Problem to solve: Below this line are records; transcribe exactly the lines between the one holding "Zdjęcie w galerii" and the one holding "CushAway - Cushing's", inclusive, and omit the pictures.

Source material:

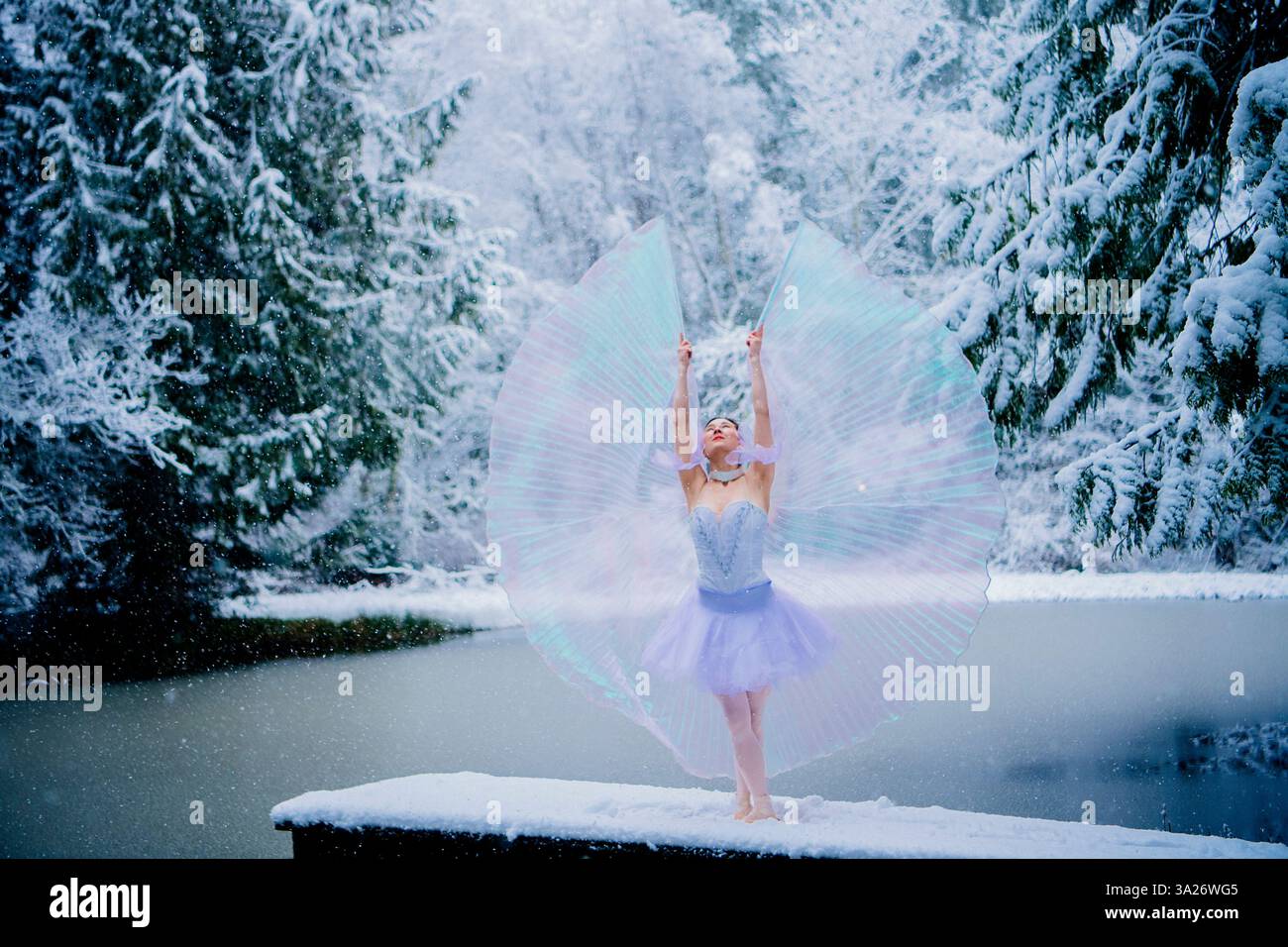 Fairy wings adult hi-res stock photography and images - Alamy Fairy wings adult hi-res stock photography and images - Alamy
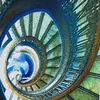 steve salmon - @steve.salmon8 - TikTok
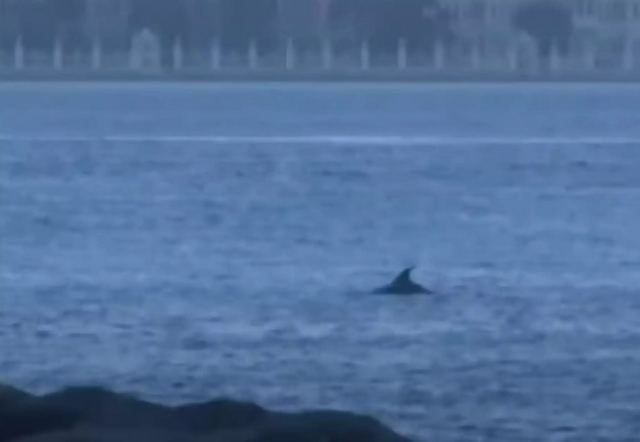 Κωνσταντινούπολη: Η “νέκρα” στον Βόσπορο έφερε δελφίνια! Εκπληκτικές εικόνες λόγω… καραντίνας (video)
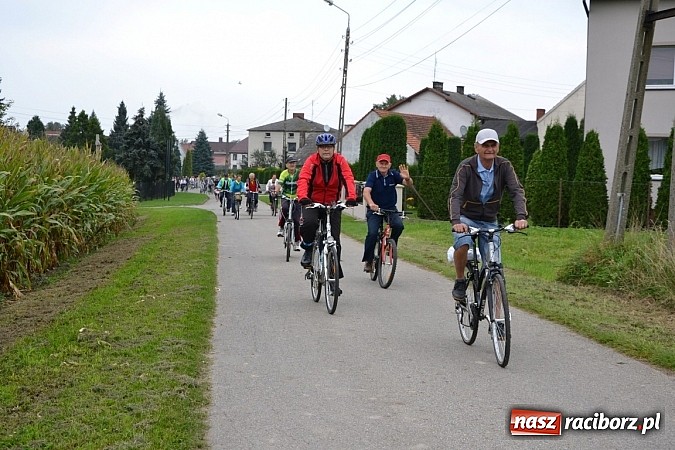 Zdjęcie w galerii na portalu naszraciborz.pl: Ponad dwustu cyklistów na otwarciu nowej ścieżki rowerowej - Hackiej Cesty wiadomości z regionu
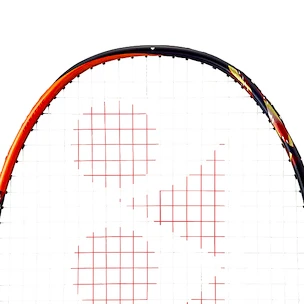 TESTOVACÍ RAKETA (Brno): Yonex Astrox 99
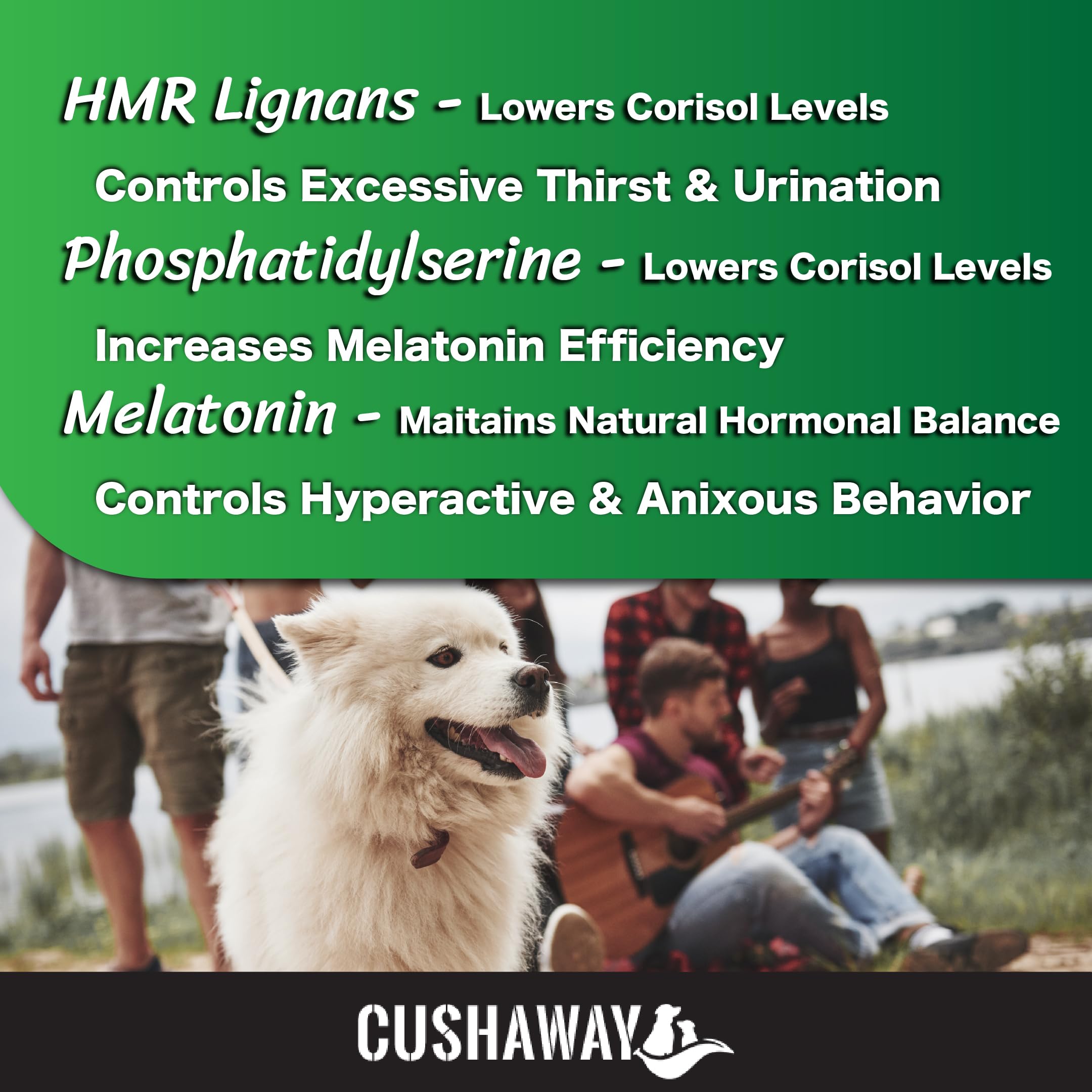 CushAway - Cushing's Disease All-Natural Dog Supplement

...

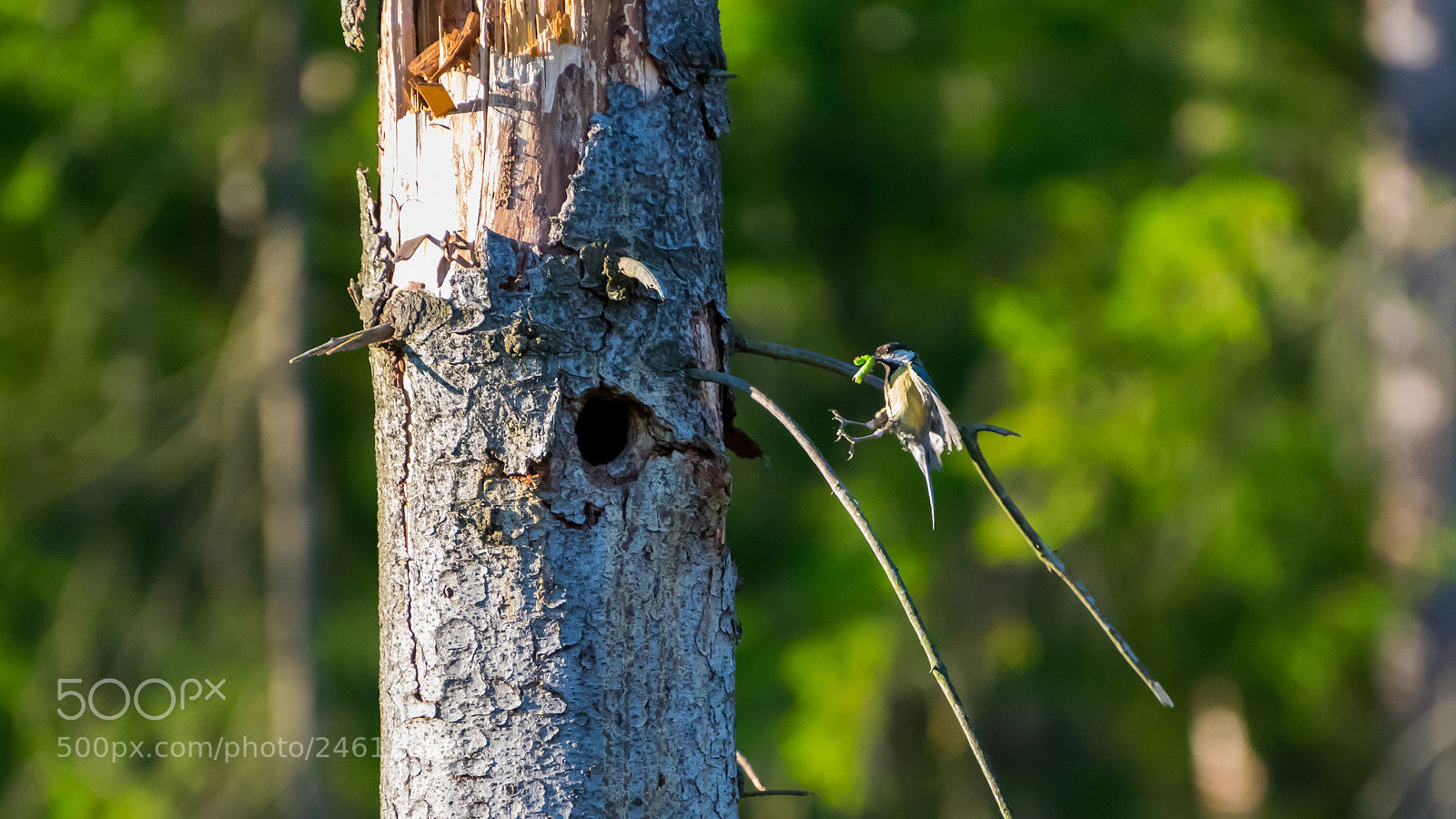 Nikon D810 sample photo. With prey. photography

Task solution:
 Zdjęcie w galerii na portalu naszraciborz.pl: Ponad dwustu cyklistów na otwarciu nowej ścieżki rowerowej - Hackiej Cesty wiadomości z regionu
 TESTOVACÍ RAKETA (Brno): Yonex Astrox 99
 CushAway - Cushing's Disease All-Natural Dog Supplement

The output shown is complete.